__Task goal__
Every line below from the one containing "BAMBINA da BAMBINI | PRIMI PASSI GEOX" through the one containing "INCENSE STICK EMPTYRboWʤ" is to be printed exactly, with the pictures omitted.

__Raw data__
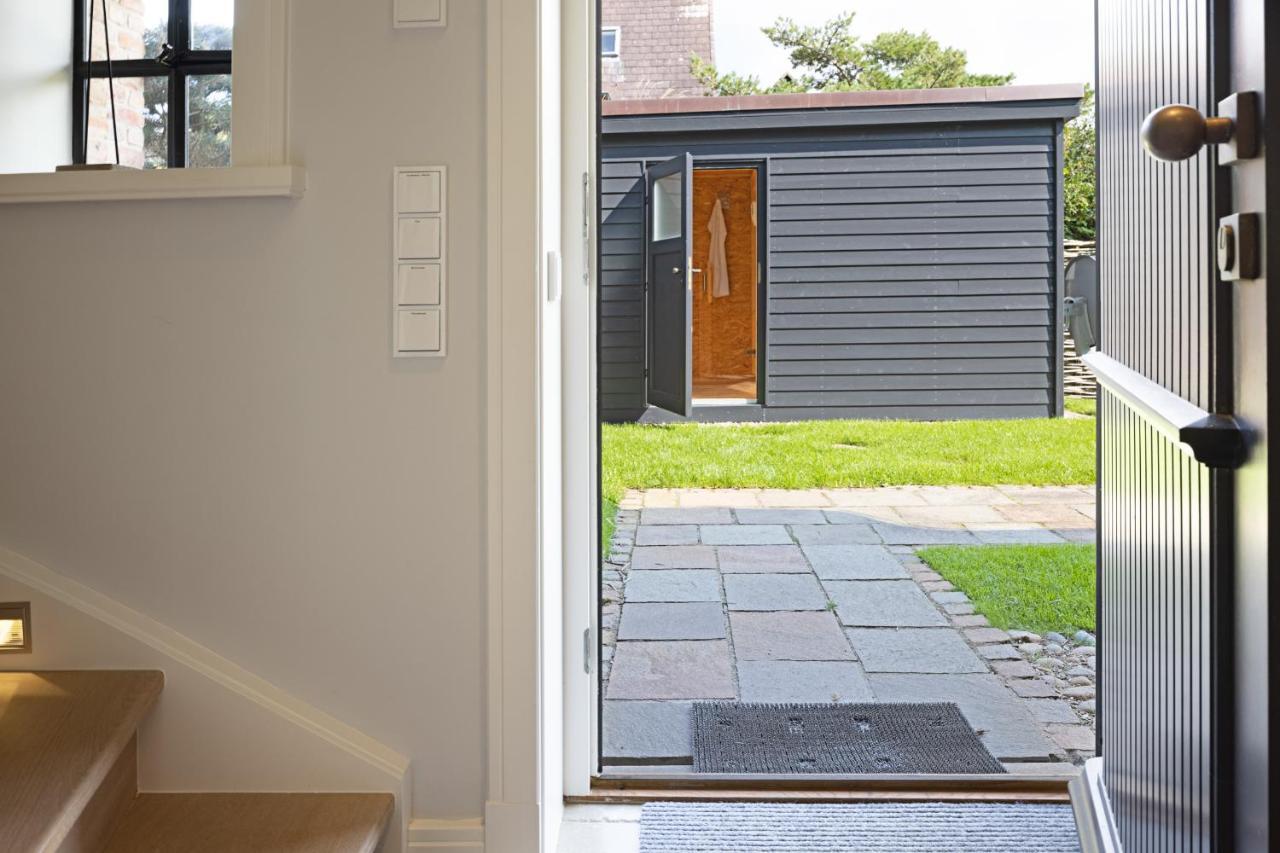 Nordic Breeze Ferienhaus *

--

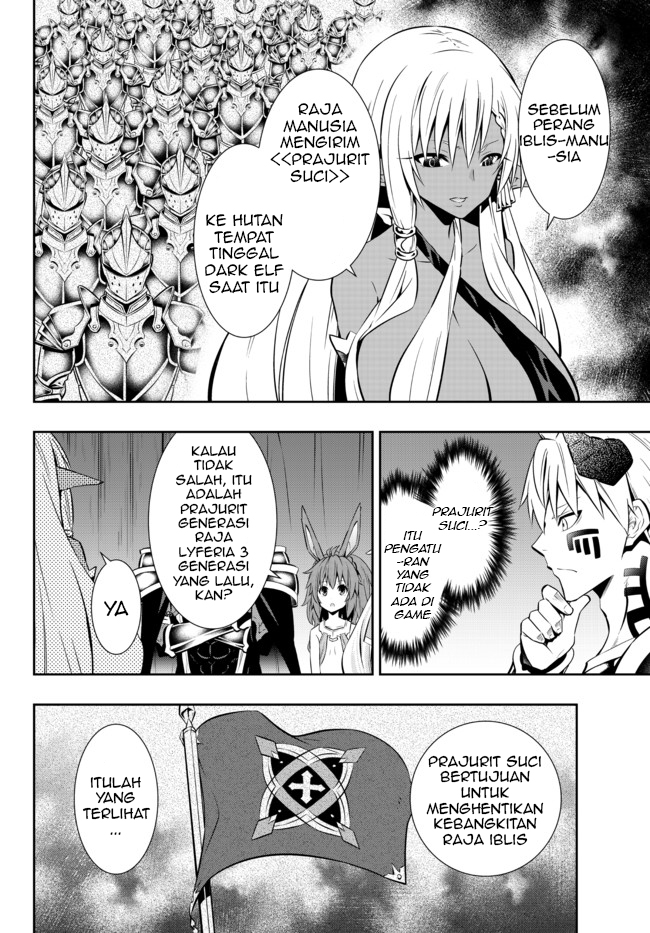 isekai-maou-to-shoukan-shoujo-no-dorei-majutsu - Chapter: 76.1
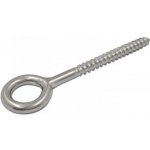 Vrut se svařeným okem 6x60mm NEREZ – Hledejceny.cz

* * *

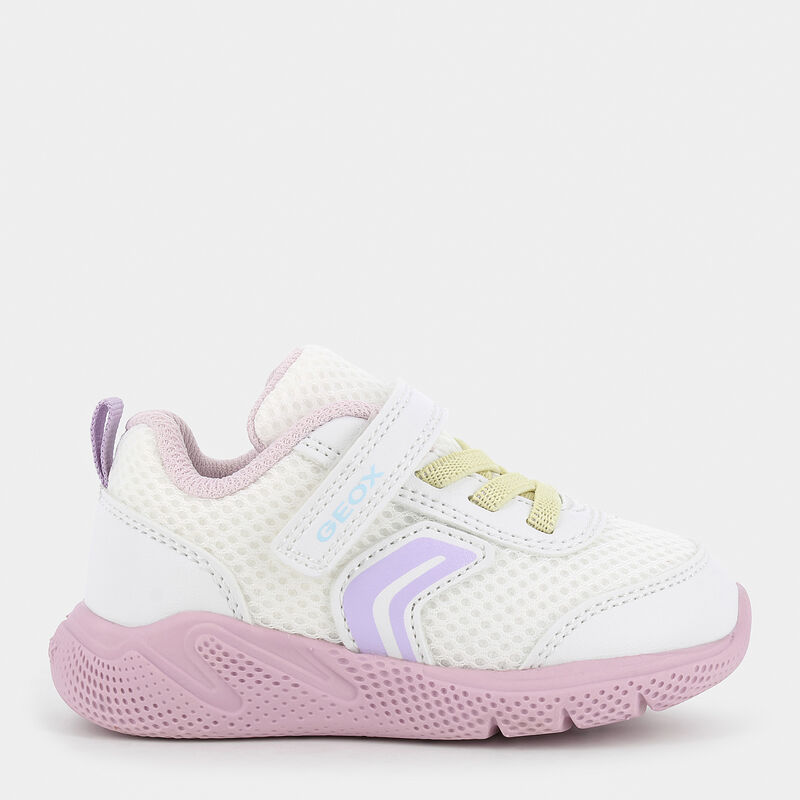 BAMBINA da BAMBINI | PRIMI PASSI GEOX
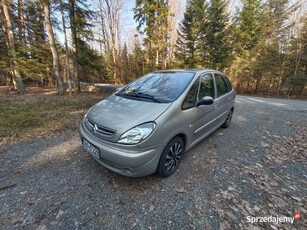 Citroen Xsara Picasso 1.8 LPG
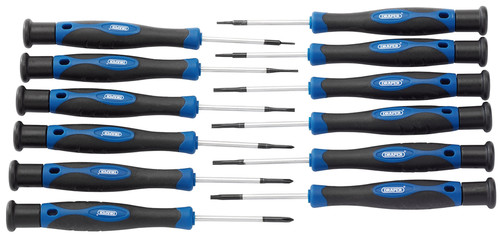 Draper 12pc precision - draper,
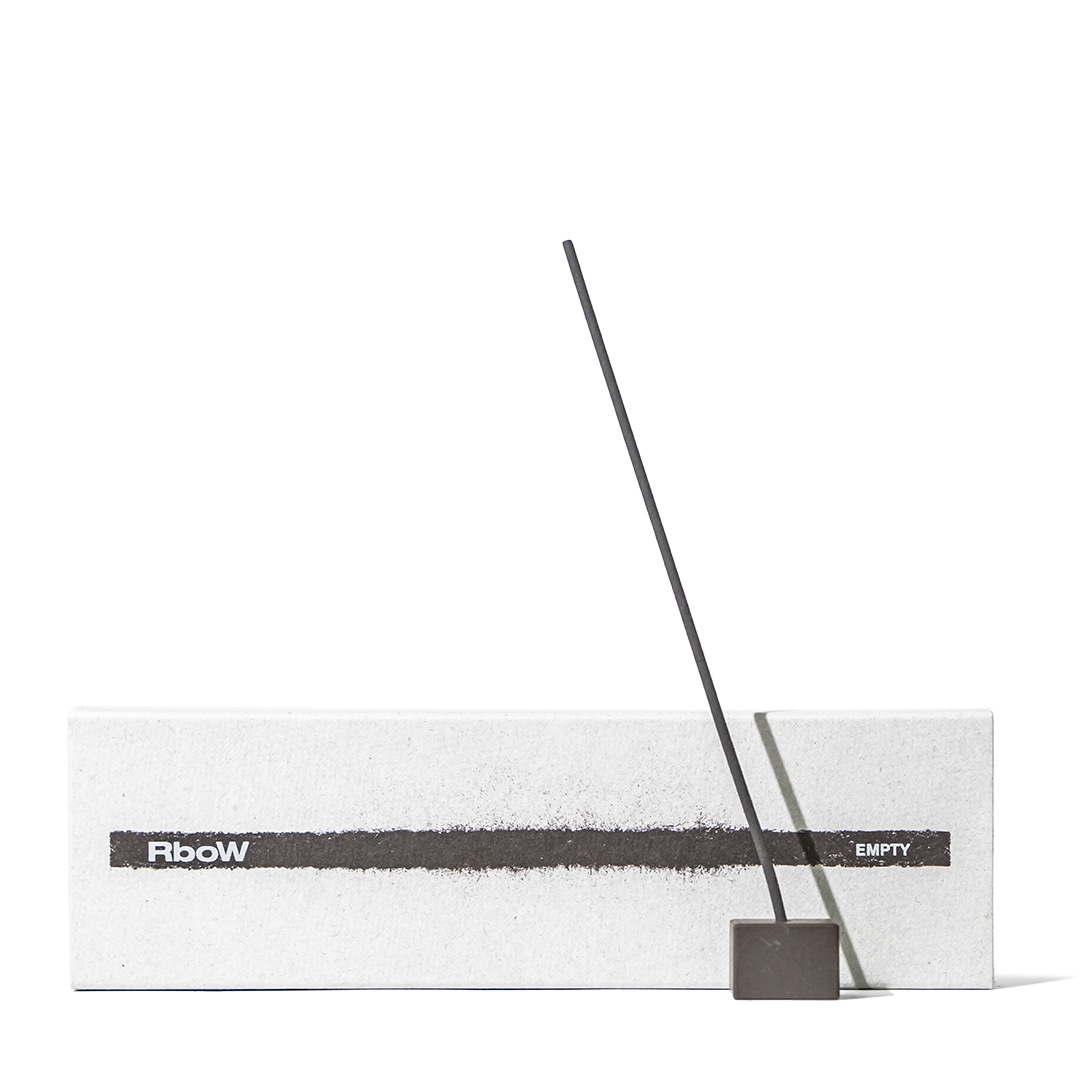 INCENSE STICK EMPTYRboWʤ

__Response to the task__
 BAMBINA da BAMBINI | PRIMI PASSI GEOX
 Citroen Xsara Picasso 1.8 LPG
 Draper 12pc precision - draper,
 INCENSE STICK EMPTYRboWʤ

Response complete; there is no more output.